How can our producers compete with this?
500,000,000 wrongly labeled eggs Surprised
Jonnyboy

I wonder who they supplied, whenever I've bought stamped eggs they would have UK on then, IIRC.
Behemoth

I find it hard to beelive that we've consumerd that many fre range eggs - supplied to the food industry perhaps?
Jonnyboy

we eat nearly a billion chickens a year. that amount of eggs ain't a shock.
bodger

Not too much of a suprise really , where there's greed there's a way.
It begs the question, how much of the food labelled organic is actually organic ? Just as one egg looks like another, surely one cabbage also looks like the next and the same opportunity is there for the unscrupulous to cheat.
Cho-ku-ri

This is only one scam that has come to light, I am afraid that so many imported 'Organic' 'Free Range' 'Fair Trade' goods are probably nothing like they describe on the packaging. We are dumb enough to think everybody plays by the rules. Rolling Eyes
bodger

If you are in a situation where you can keep just two hens in the garden, you need never worry about buying another egg again. Very Happy Very Happy Very Happy Yet another reason for growing your own whenever you can.
Cho-ku-ri

bodger wrote:
If you are in a situation where you can keep just two hens in the garden, you need never worry about buying another egg again. Very Happy Very Happy Very Happy Yet another reason for growing your own whenever you can.


Depends on what you feed them on, as kitchen scraps are banned and you have only the word of the feed merchant that the grain and pellets/meal are organic/GM free. Remember your eggs are not organic if the feed is not.
bodger

If you don't tell anybody you feed your chickens a few household scraps, I'm sure your secret will be safe with them.

Ours get rice when we make too much for a curry, bread scraps , the odd jacket potatoe and any left over vegetables . I don't think that there can be any small scale poultry keeper who doesn't do similarly. Its just a matter of common sense really.
I think you'll find that its still legal to feed the left overs that I have mentioned.

Don't forget the feed that was linked with BSE was virtually organic in as much as it contained dead sheep. Sheep are about the most naturally fed farm animal on the farm.
Treacodactyl

bodger wrote:
If you don't tell anybody you feed your chickens a few household scraps, I'm sure your secret will be safe with them.

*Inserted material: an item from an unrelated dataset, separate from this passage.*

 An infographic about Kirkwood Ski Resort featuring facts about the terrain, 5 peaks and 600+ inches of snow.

Ours get rice when we make too much for a curry, bread scraps , the odd jacket potatoe and any left over vegetables . I don't think that there can be any small scale poultry keeper who doesn't do similarly. Its just a matter of common sense really.
I think you'll find that its still legal to feed the left overs that I have mentioned.


As has been pointed out here before, those sorts of things cannot legally be fed to poultry or other farm animals.

From the DEFRA web site:

http://www.defra.gov.uk/animalh/by%2Dprods/wastefood/formerfoodstuffs-qa.htm#7

Quote:
The Regulations prohibit the feeding of meat, fish and most other products of animal origin to ruminants, pigs or poultry. They also make it an offence to allow them to have access to such material. They also prohibit any catering waste being fed, whether processed or not. This also includes catering waste from vegetarian restaurants and kitchens.

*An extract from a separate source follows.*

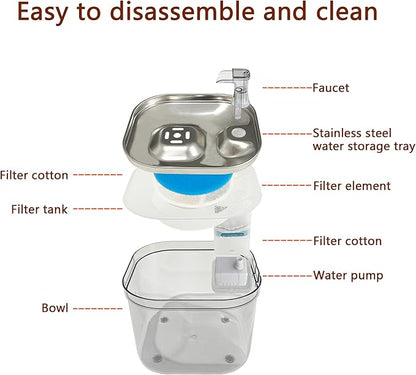Cat Water Fountain, 85oz/2.5L Pet Water Fountain, Automatic Cat and Dog Water Dispenser for Cats, Dogs, Multiple Pets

Basically, my understanding is that you cannot feed any vegetable matter to your hens if it's been in your kitchen. So, I can feed home grown cabbage leaves to my hens if I remove the leaves in the garden, but if I bring the cabbage into my kitchen to remove the leaves or buy a cabbage from a supermarket I cannot then feed them to the hens.
Jonnyboy

I'm for the high jump then.
bodger

You obviously can't argue with the law Rolling Eyes but to say that food (not counting meat produce of course) which is fit for human consumption is not fit for chickens to eat is a farce.
Cho-ku-ri

Welcome to the Whacky world of DEFRA. Wink
JB

Treacodactyl wrote:

Quote:
The Regulations prohibit the feeding of meat, fish and most other products of animal origin to ruminants, pigs or poultry. They also make it an offence to allow them to have access to such material


So it's illegal to allow your chickens or ducks to do away with slugs and other beasties?
Cho-ku-ri

I've seen a hen eat a mouse. I wonder if it was a vegetarian organic mouse? Wink
Treacodactyl

JB wrote:
So it's illegal to allow your chickens or ducks to do away with slugs and other beasties?


I've never heard the regs interpreted in that way, I don't think slugs and other beasties could be described as human foodstuffs.
Nick

I don't think even DEFRA would describe them as products of animal origin. Smile
Tradbritfowlco

ugh defra, dont get me started! Mad what a load of 'old flannel'! I feed my chickens what i want and they can try and stop me!
saffranne

Tradbritfowlco wrote:
ugh defra, dont get me started! Mad what a load of 'old flannel'! I feed my chickens what i want and they can try and stop me!


me too and yesterday all the hens was chasing my gold brahma because she had a frog and they all wanted it
SheepShed

Tradbritfowlco wrote:
I feed my chickens what i want and they can try and stop me!

Hear hear !
Our chucks eat what *they* want - and that includes sneaking into the house and trying to pinch food from the dogs bowls.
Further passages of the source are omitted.